Problem description: Repeat the data that follows, keeping every character intact.

Supplied information:
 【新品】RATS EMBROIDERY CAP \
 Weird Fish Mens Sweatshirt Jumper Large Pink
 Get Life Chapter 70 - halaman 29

Written solution:
 【新品】RATS EMBROIDERY CAP \
 Weird Fish Mens Sweatshirt Jumper Large Pink
 Get Life Chapter 70 - halaman 29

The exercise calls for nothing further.